ECLI:NL:RVS:2003:AG1722
Raad van State
- Hoger beroep
- C.M. Ligtelijn-van Bilderbeek
- J.A.M. van Angeren
- M.G.J. Parkins-de Vin
- L.E.M. Wilbers-Taselaar
- Rechtspraak.nl
Weigering bouwvergunning en vrijstelling bestemmingsplan door college van burgemeester en wethouders van Echt-Susteren
In deze zaak gaat het om de weigering van het college van burgemeester en wethouders van Susteren, thans Echt-Susteren, om aan de appellant vrijstelling en een bouwvergunning te verlenen voor de oprichting van een woonhuis op een specifiek perceel. Het college heeft op 13 maart 2001 besloten om deze vergunning niet te verlenen. Dit besluit werd later, op 21 november 2001, door het college bevestigd, ondanks het advies van de Bezwaarschriftencommissie om het bezwaar van de appellant gegrond te verklaren. De rechtbank te Maastricht heeft op 5 december 2002 het beroep van de appellant tegen deze beslissing ongegrond verklaard, waarna de appellant hoger beroep heeft ingesteld bij de Raad van State.

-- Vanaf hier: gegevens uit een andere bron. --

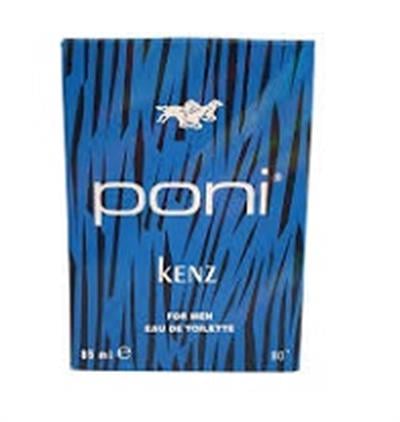 Poni EDT Kenz 100ml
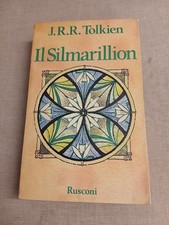 Tolkien - Il Silmarillion -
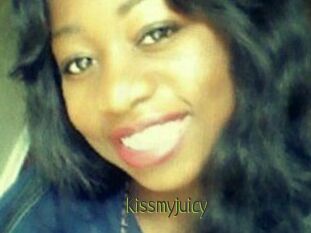 Kissmyjuicy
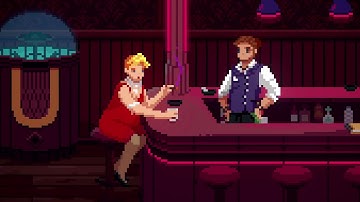 The Red Strings Club -  Launch Trailer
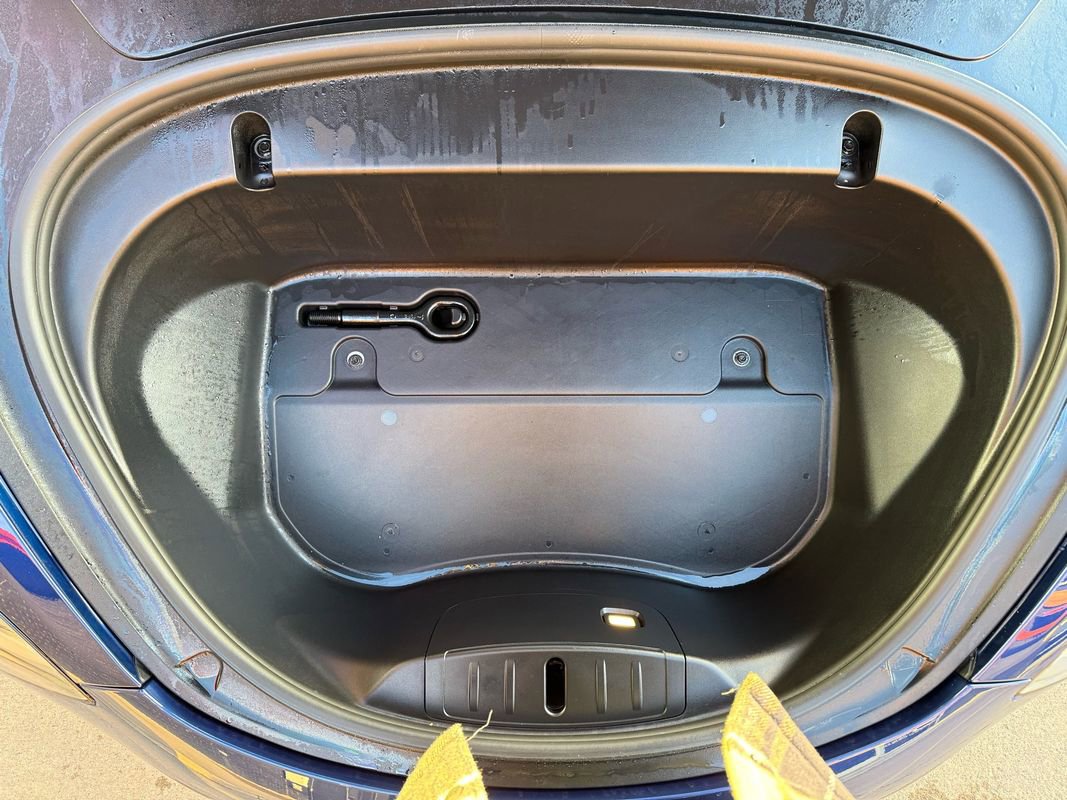 Used 2020 Tesla Model 3 Long Range AWD/4WD image 36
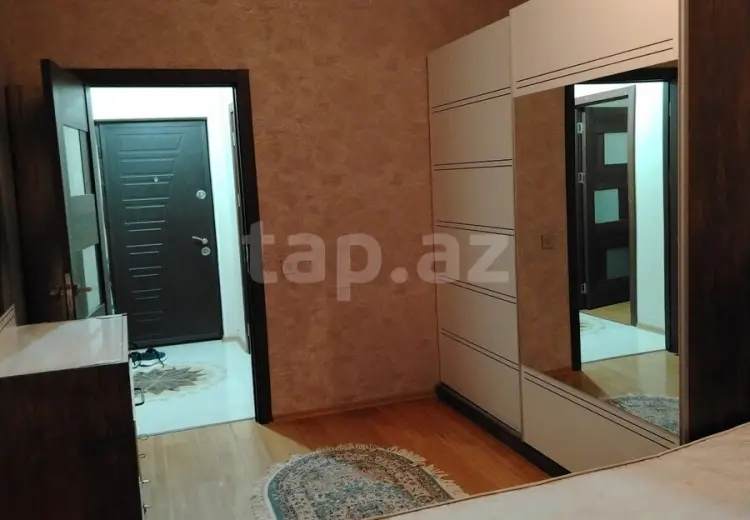 2 otaqlı mənzil , Xırdalan
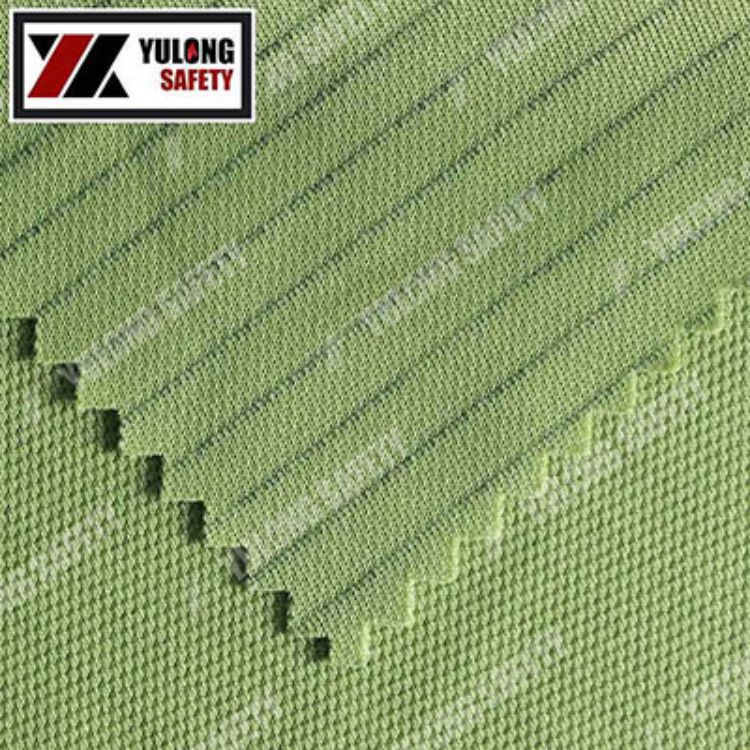 Manufacturers supply Anti-oil Electric conduction Anti-static cloth waterproof Anti-static Fabric
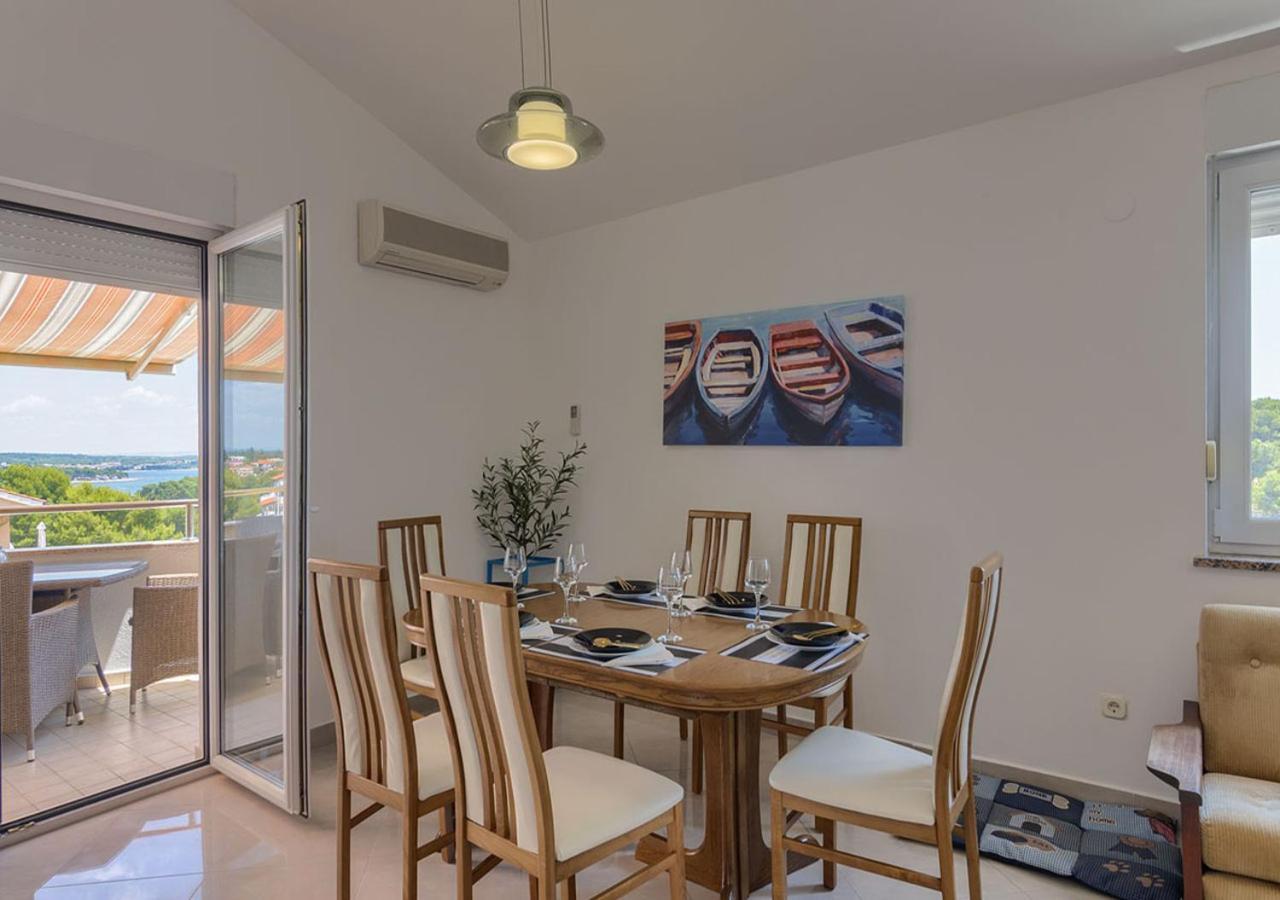 D. Bella Donna Appartement *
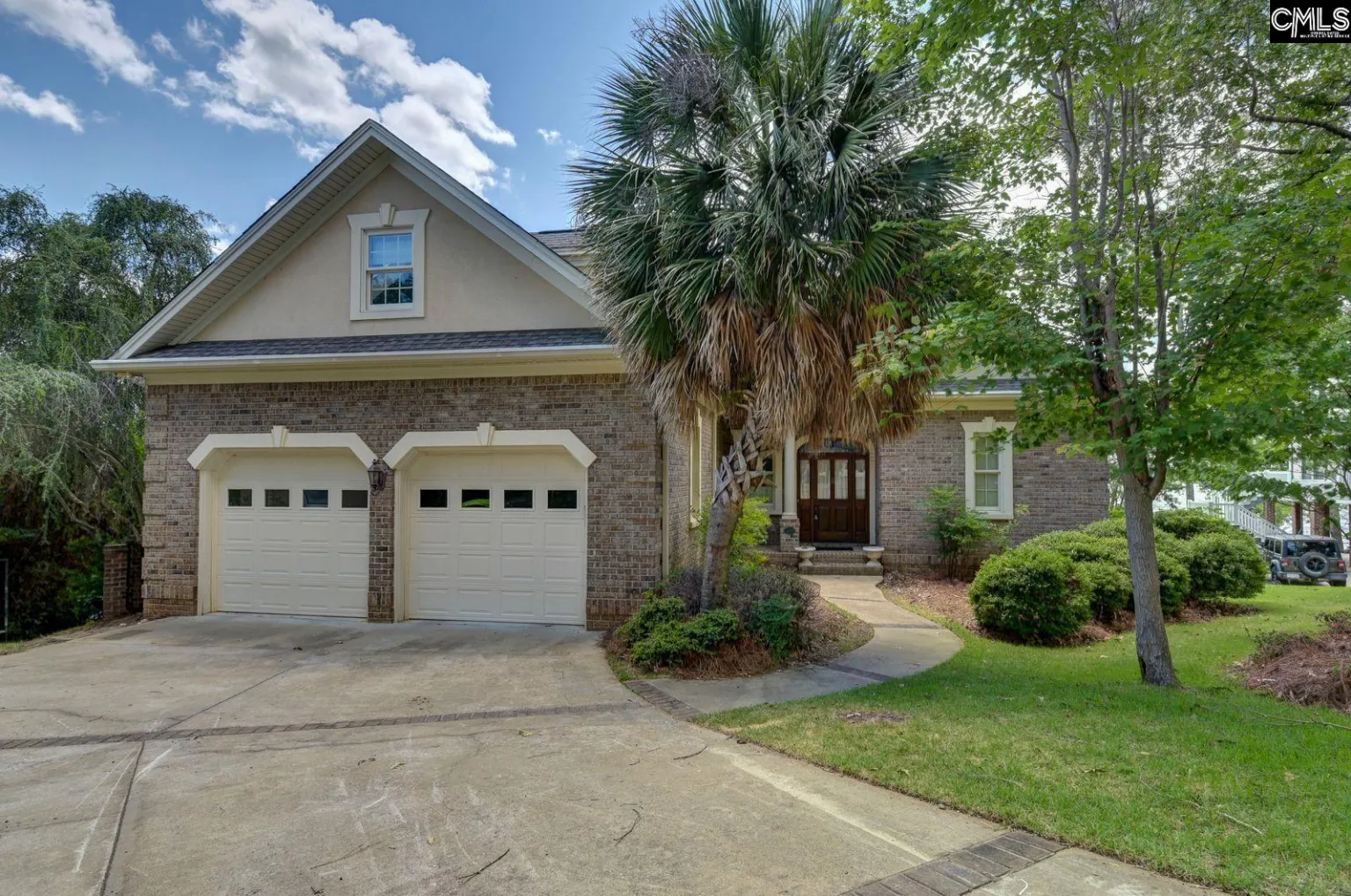 641 Timberlake Drive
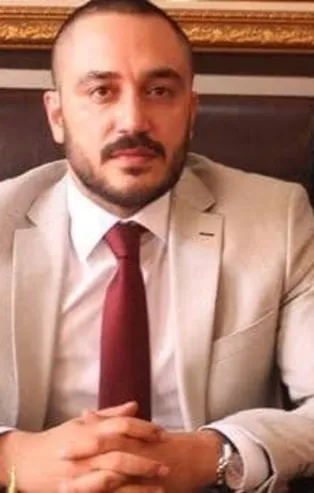 Hakim Serkan Tüzün önce eşini sonra kendini vurmuştu! Dehşet evine giren komşusu yaşananları anlattı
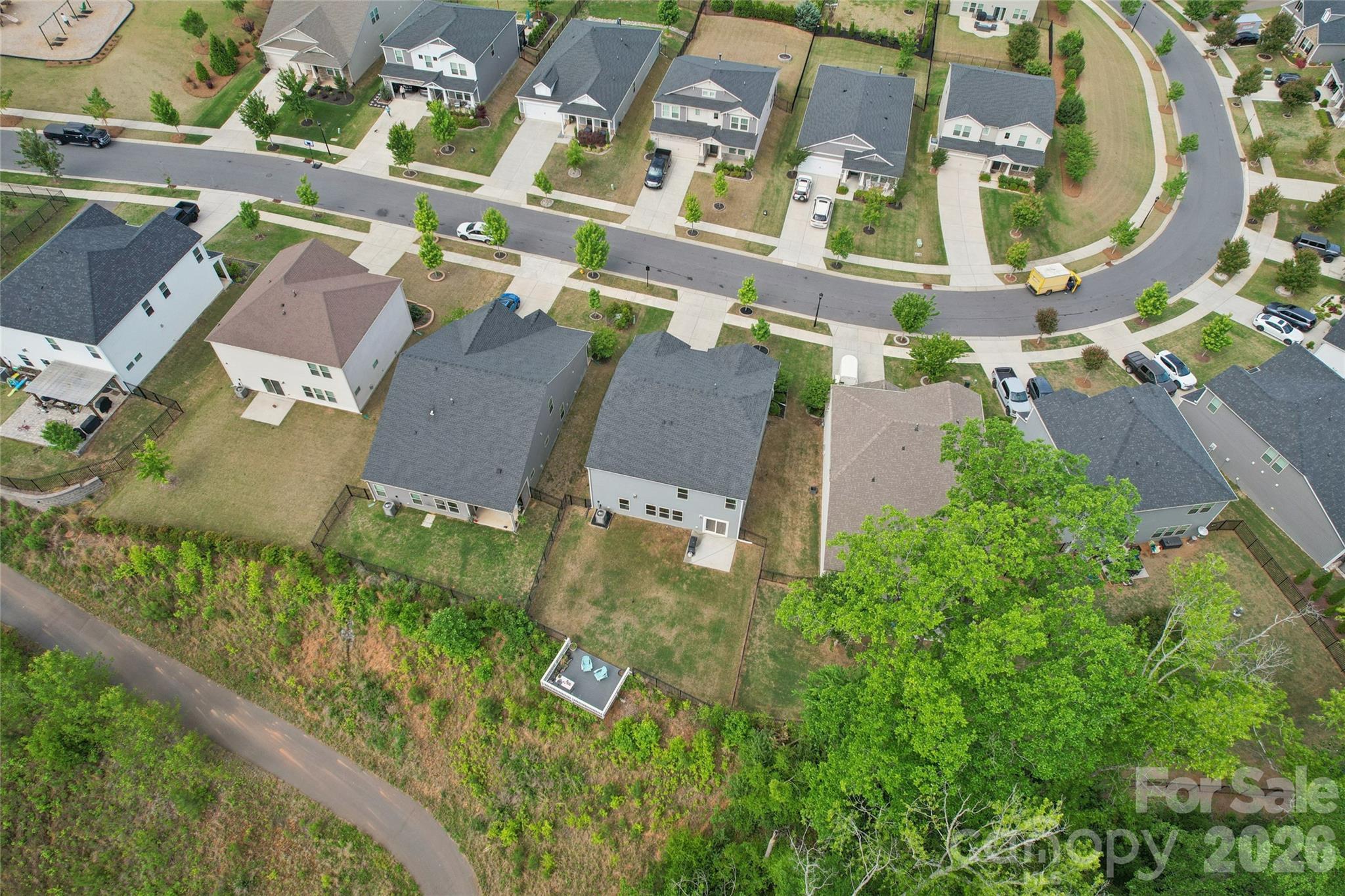 1071 Amberley Crossing Drive — Belmont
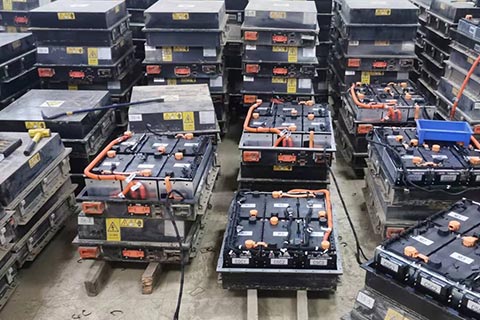 黑河正规公司上门回收钴酸锂电池|附近回收三元锂电池
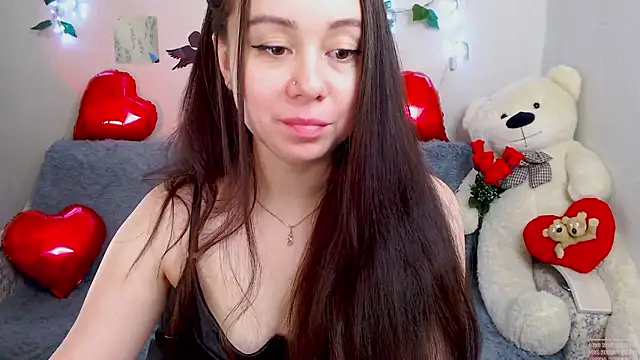 AlinaEleven online show from 02-15-26, 11:12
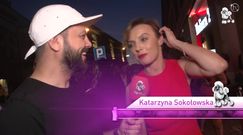 Sokołowska: "Kobieta lubi być kobieca i luksusowa" 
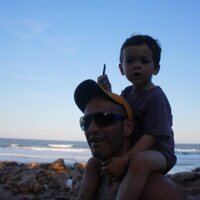 Duncan Harrison (@duncharrison) 's Twitter Profile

De appellant betoogt dat de rechtbank heeft miskend dat het college in redelijkheid niet heeft kunnen weigeren om vrijstelling van het bestemmingsplan te verlenen op basis van artikel 19, eerste lid, van de WRO. De appellant stelt dat de inrichtingsvisie van de gemeenteraad voorwaarden stelt aan de afgifte van een bouwvergunning, die volgens de appellant niet aan de vergunning kunnen worden verbonden. De Raad van State heeft echter geoordeeld dat het college de inrichtingsvisie in zijn afweging heeft mogen betrekken en dat het college niet onredelijk heeft gehandeld door de vrijstelling te weigeren, omdat het bouwplan niet past binnen de inrichtingsvisie.
De Raad van State bevestigt de uitspraak van de rechtbank en verklaart het hoger beroep ongegrond. Er zijn geen gronden voor een proceskostenveroordeling in hoger beroep. De uitspraak is gedaan in naam der Koningin en is openbaar uitgesproken op 18 juni 2003.